Megillah, Daf Zayin, Part 1

 

Today’s section offers some midrashic interpretations of the various letters that Mordecai and Esther send to the Jews asking them to commemorate Purim or to write the Megillah. What is most fascinating about these midrashim is that they express very well the anxieties of the Jews that composed them. Many of these anxieties are still felt by us today.

 

אמר רב שמואל בר יהודה: שלחה להם אסתר לחכמים: קבעוני לדורות! שלחו לה: קנאה את מעוררת עלינו לבין האומות. שלחה להם: כבר כתובה אני על דברי הימים למלכי מדי ופרס.

 

R. Shmuel b. Judah said: Esther sent to the sages saying: Establish me for future generations. They replied: You will incite the jealousy of the nations against us.

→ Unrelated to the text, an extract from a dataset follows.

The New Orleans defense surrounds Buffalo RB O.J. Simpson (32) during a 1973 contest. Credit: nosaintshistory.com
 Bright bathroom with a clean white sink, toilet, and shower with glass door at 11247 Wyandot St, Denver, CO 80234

She sent back reply: I am already recorded in the chronicles of the kings of Medea and Persia.

 

The darshan imagines Esther sending her letter not just to any old "Jews" but to the sages, whom the darshan imagines run the show. The sages are hesitant to establish Purim for it might incite the non-Jews against them. After all, the Megillah contains some descriptions of Jews massacring the people of Shushan. Esther assures the sages that the non-Jews already know these events. They are already written in their history books, as is stated in Esther 10:2.

 

רב ורב חנינא ורבי יוחנן ורב חביבא מתנו. בכוליה סדר מועד כל כי האי זוגא חלופי רבי יוחנן ומעייל רבי יונתן: שלחה להם אסתר לחכמים: כתבוני לדורות. שלחו לה: +משלי כ"ב+ הלא כתבתי לך שלישים, שלישים ולא רבעים. עד שמצאו לו מקרא כתוב בתורה +שמות י"ז+ כתב זאת זכרון בספר, כתב זאתמה שכתוב כאן ובמשנה תורה, זכרוןמה שכתוב בנביאים, בספרמה שכתוב במגילה.

 

Rav and R. Hanina and R. Yohanan and R. Haviva teach [the above statement in this form]: (in the whole of the Order Mo’ed, wherever this set of Rabbis is mentioned, R. Yohanan is replaced by R. Jonathan): Esther sent to the sages saying, "Write an account of me for the ages."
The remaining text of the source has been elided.